I demonstrated the reciprocal:
$\Leftarrow )$ The two equations are solutions of $X' = (A+B)X$, $X(0)= I$, because
$(e^{tA}e^{tB})' = Ae^{tA}e^{tB} + e^{tA}Be^{tB} = Ae^{tA}e^{tB} + Be^{tA}e^{tB} = (A+B)e^{tA}e^{tB}$ and
$(e^t(A+B))' = (A+B)e^{t(A+B)}$. Thus, $e^{t(A+B)} = e^{tA}e^{tB}$.
I have problems to demonstrate the implication.

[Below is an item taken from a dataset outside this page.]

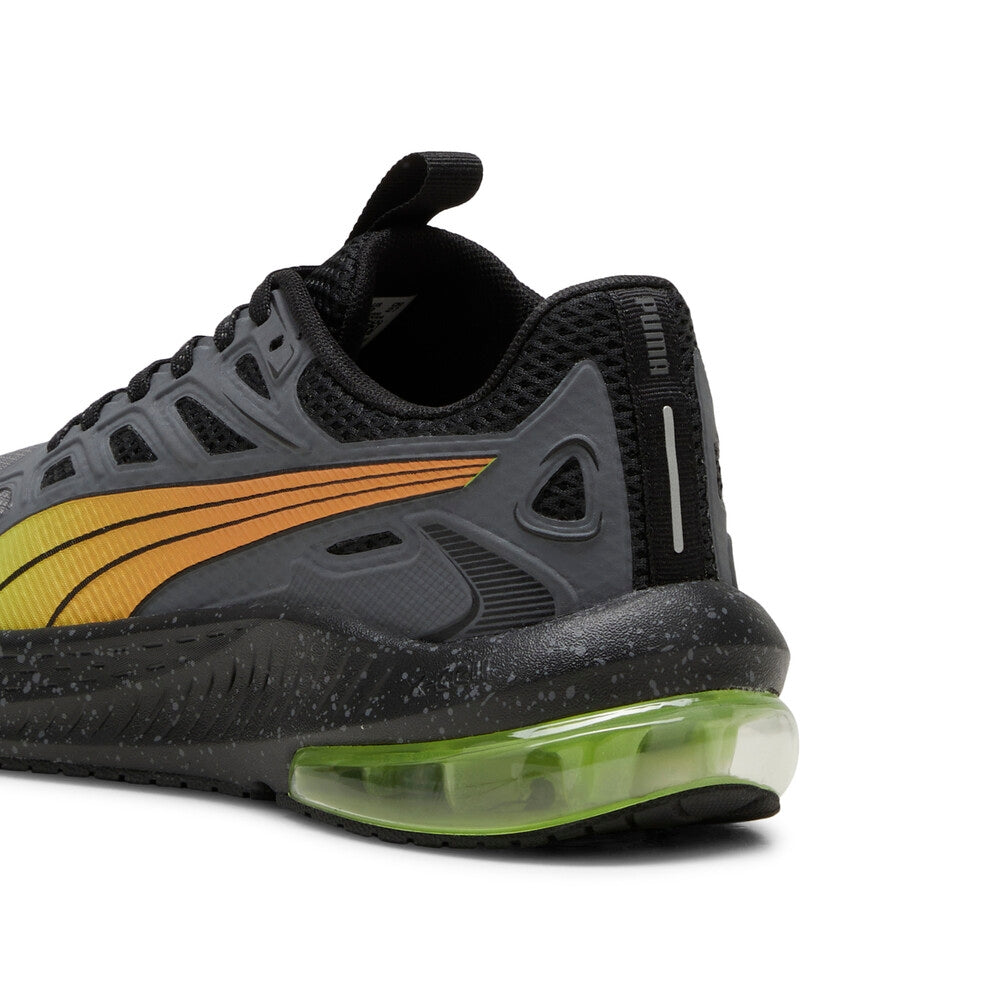 Zapatilla Puma X-Cell Lightspeed Adp De Hombre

Let $f(t) = e^{t(A+B)} - e^{tA} e^{tB}$. Then $$\begin{align} f'(t) & = (A+B) e^{t(A+B)} - A e^{tA} e^{tB} - e^{tA} B e^{tB} \\ f''(t) & = (A+B)^2 e^{t(A+B)} - A(A e^{tA} e^{tB} + e^{tA} B e^{tB}) - A e^{tA} B e^{tB} - e^{tA} B^2 e^{tB} \end{align}$$
So if $f(t) \equiv 0$, then $f''(0) = 0 = (A+B)^2 - A^2 - AB - AB - B^2 = BA - AB$. Therefore $AB = BA$.
So the proof I've seen of the reverse implication uses the Baker-Campbell-Hausdorff formula. The Baker-Campbell-Hausdorff formula says that for $GL_{n}(\mathbb{C})$ or $Gl_{n}(\mathbb{R})$ (you can actually put any Lie group here): For $X$ and $Y$ close enough to the $0$ matrix, we have $$\log(e^{X}e^{Y}) = X + Y + \frac{1}{2}[X, Y] + \text{terms involving multiple commutators}$$ where the $\log$ is a local inverse for the exponential function in a neighborhood of the $0$ matrix.

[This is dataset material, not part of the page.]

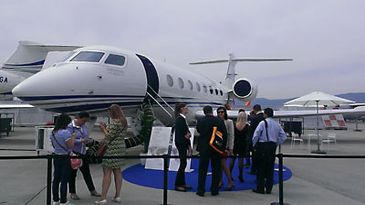 EBACE2014_G650_400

Now, by choosing $t$ small enough, we can make $tA$ and $tB$ lie in the region where the BCH formula is applicable. Then, by applying $\log$ to both sides of the equation $$e^{t(A + B)} = e^{tA}e^{tB}$$ we get the expression $$t(A + B) = t(A + B) + \frac{t^{2}}{2}[A, B] + O(t^{3}).$$ Both sides of this expression are real analytic functions $\mathbb{R} \rightarrow M_{n\times n}(\mathbb{R})$ (resp. $M_{n\times n}(\mathbb{C})$ with nonzero radius of convergence. Hence the only way for them to be equal is if their power series are equal coefficient by coefficient.
Comparing the $t^{2}$ coefficients gives us $[A, B] = 0$ as desired.